SUPPLIED RECORDS.

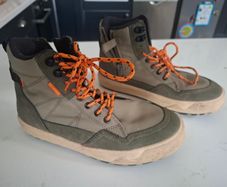 Kids boots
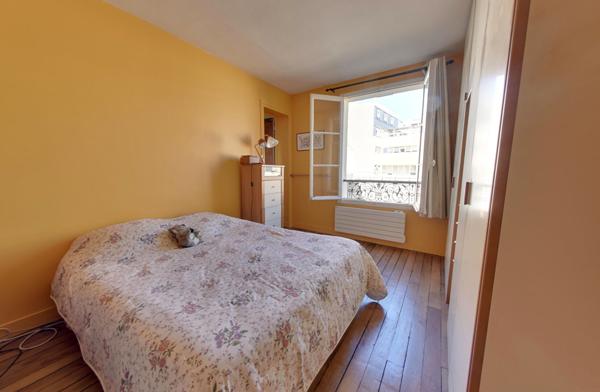 Appartement Paris 2 pièce(s) 46 m2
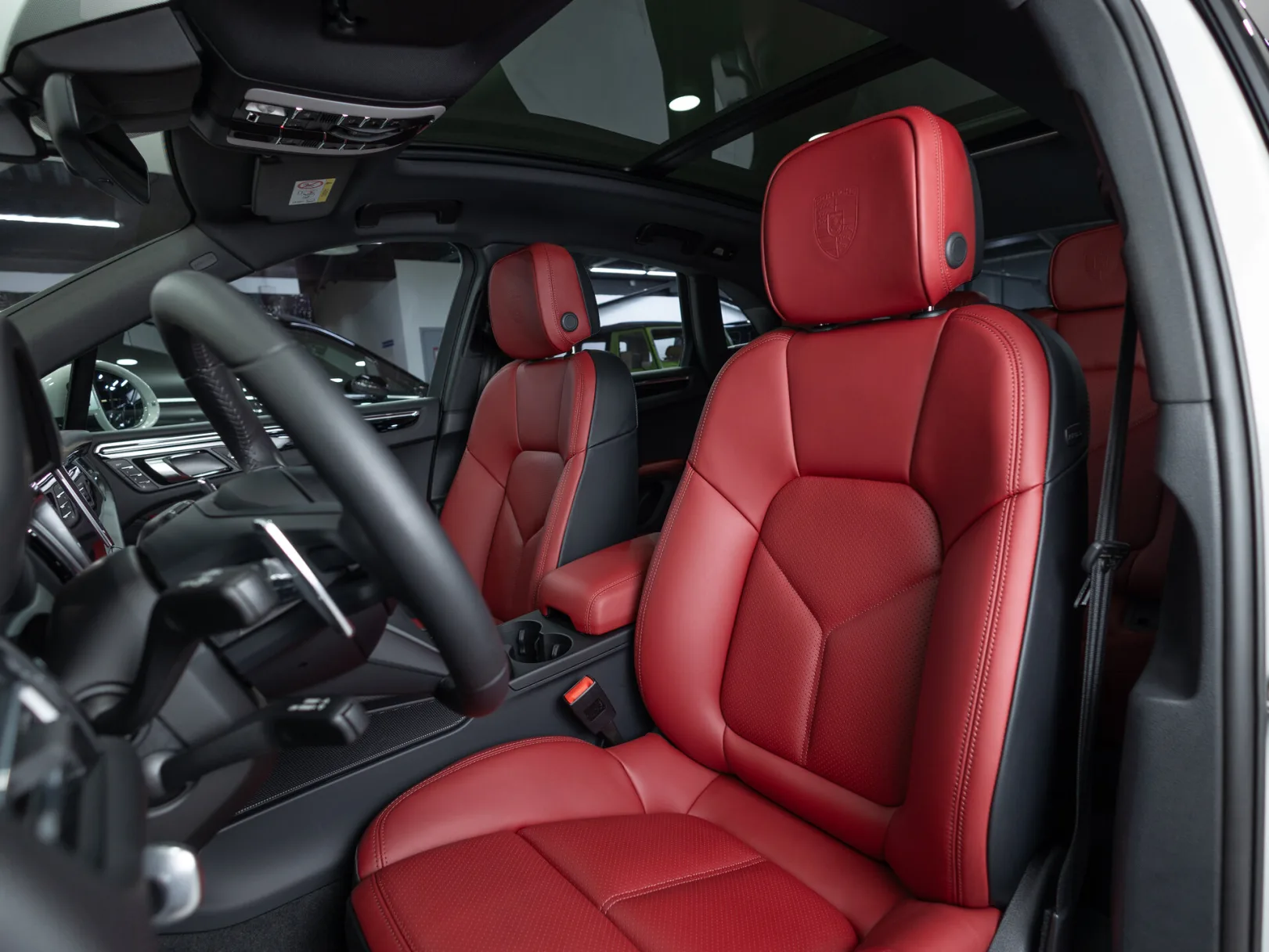 Porsche Macan T I Рестайлинг 2, 2025 — экстерьер, фото 10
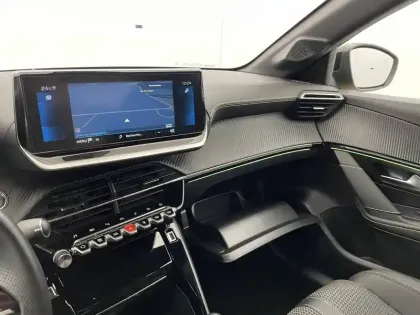 Photo 29 Peugeot 208  PureTech 100 S&S BVM6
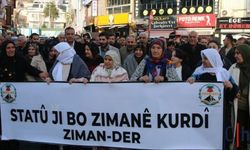 Hakkâri’de 10 Yıl Sonra Açılan ZIMAN-DER Kürtçe Eğitimlerini Sürdürüyor
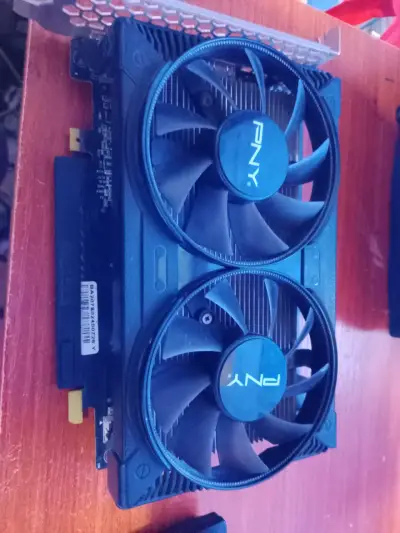 Vendo Tarjeta gráfica GTX 1650 de 4gb - miniatura 1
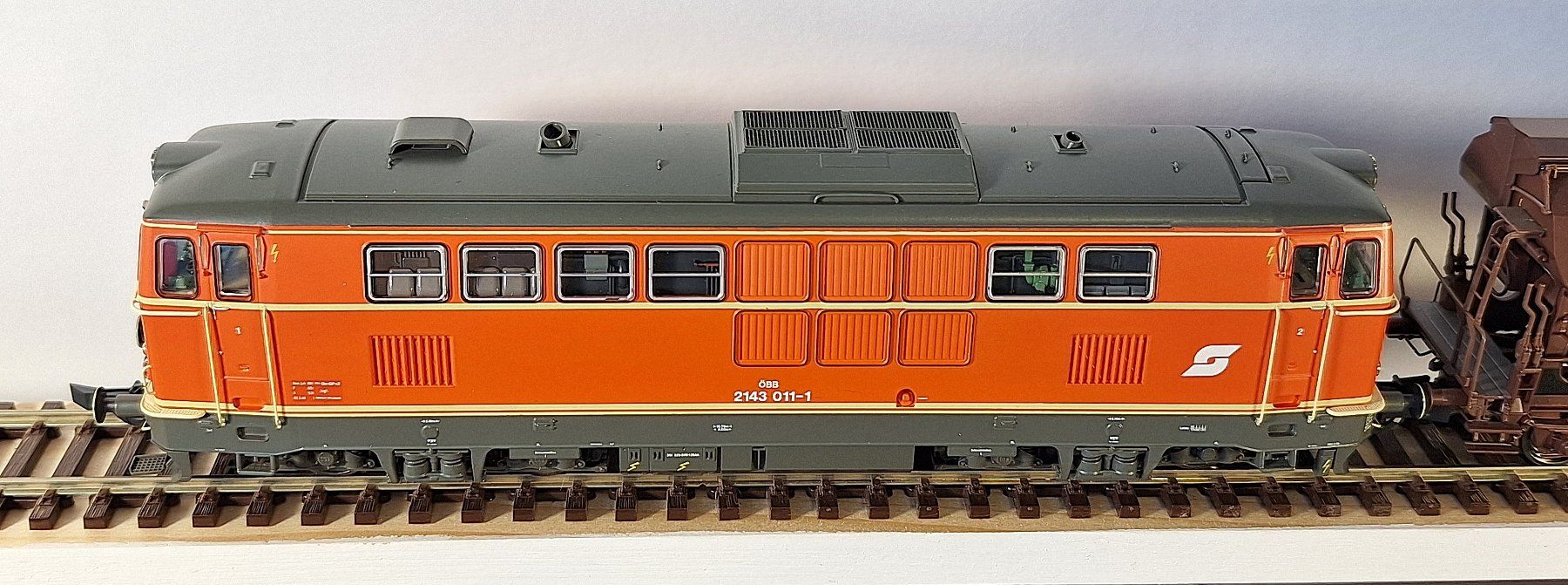 Roco Trains électriques: ÖBB 2143 mit Güterzug – D'occasion à Bern par BahnliebhaberRe420 3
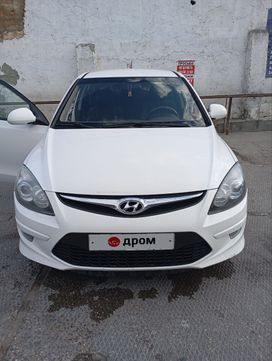  Hyundai i30 2011 , 800000 , 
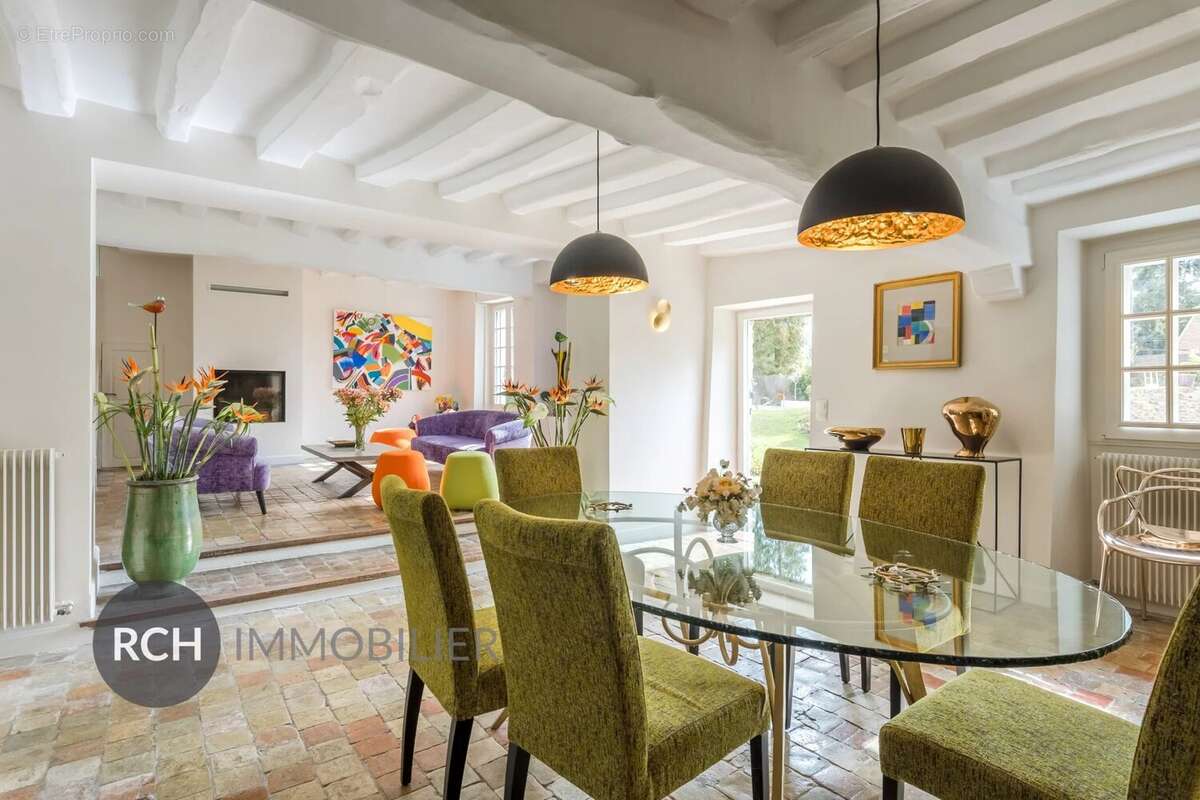 Maison à MONTFORT-L&#039;AMAURY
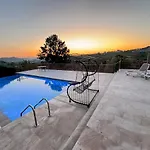 Garden & Pool * 地拉那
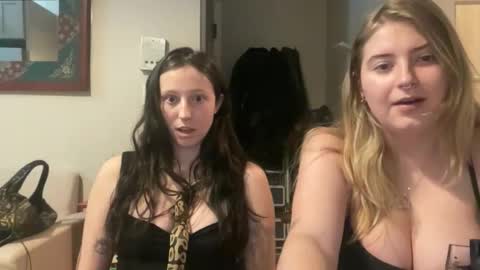 Fiona M online show from 12, 1, 2026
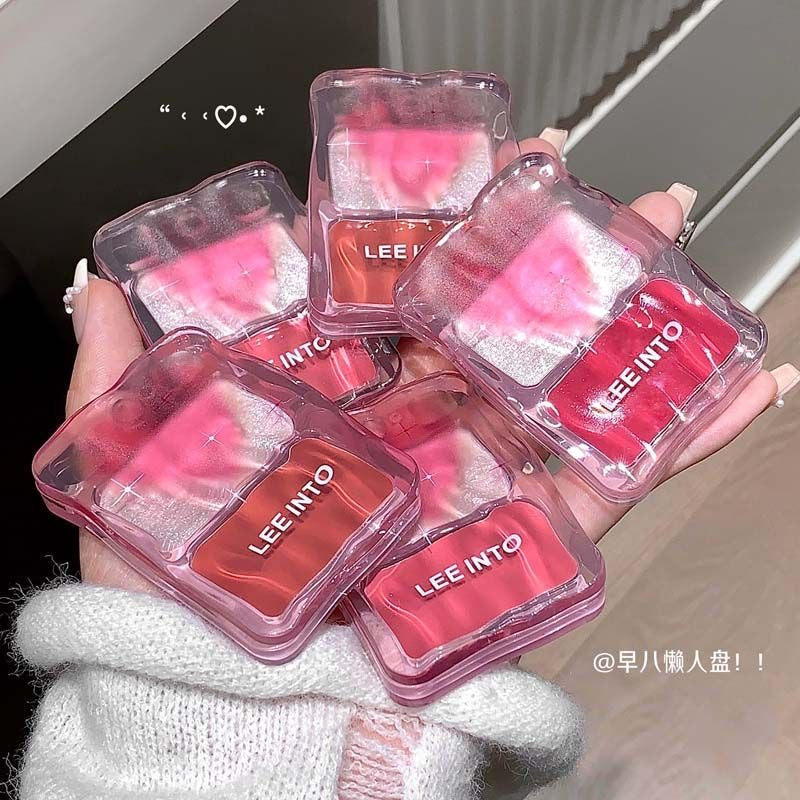 Lee into Blusher + Highlighter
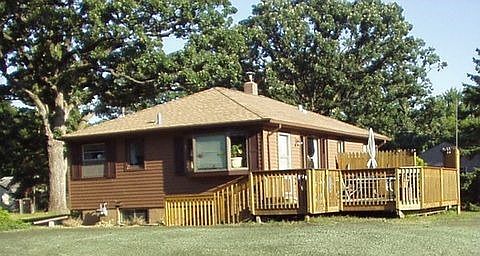 2nd image of 4916 Bernard Ave N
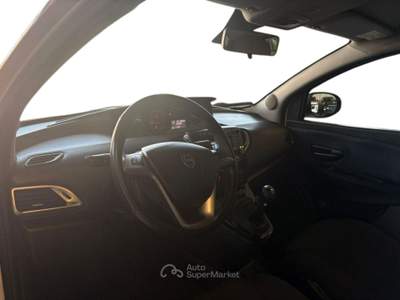 Lancia Ypsilon III 2015 Benzina 1.0 firefly hybrid Silver s&s 70cv Bianco usata Monza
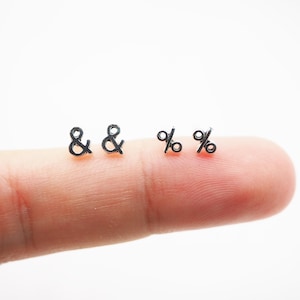 Pendientes de signo Tiny Ampersand, Pendientes % de signo de porcentaje, Pendientes de sementales de letras de plata de ley, Regalo para escritor, Regalo de maestro, Pendientes nerd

THE PROBLEM. Would you reproduce each line of the material exactly, omitting the images?

SOLUTION FOR THIS PROBLEM.
 Kids boots
 Appartement Paris 2 pièce(s) 46 m2
 Porsche Macan T I Рестайлинг 2, 2025 — экстерьер, фото 10
 Photo 29 Peugeot 208  PureTech 100 S&S BVM6
 Hakkâri’de 10 Yıl Sonra Açılan ZIMAN-DER Kürtçe Eğitimlerini Sürdürüyor
 Vendo Tarjeta gráfica GTX 1650 de 4gb - miniatura 1
 Roco Trains électriques: ÖBB 2143 mit Güterzug – D'occasion à Bern par BahnliebhaberRe420 3
  Hyundai i30 2011 , 800000 , 
 Maison à MONTFORT-L&#039;AMAURY
 Garden & Pool * 地拉那
 Fiona M online show from 12, 1, 2026
 Lee into Blusher + Highlighter
 2nd image of 4916 Bernard Ave N
 Lancia Ypsilon III 2015 Benzina 1.0 firefly hybrid Silver s&s 70cv Bianco usata Monza
 Pendientes de signo Tiny Ampersand, Pendientes % de signo de porcentaje, Pendientes de sementales de letras de plata de ley, Regalo para escritor, Regalo de maestro, Pendientes nerd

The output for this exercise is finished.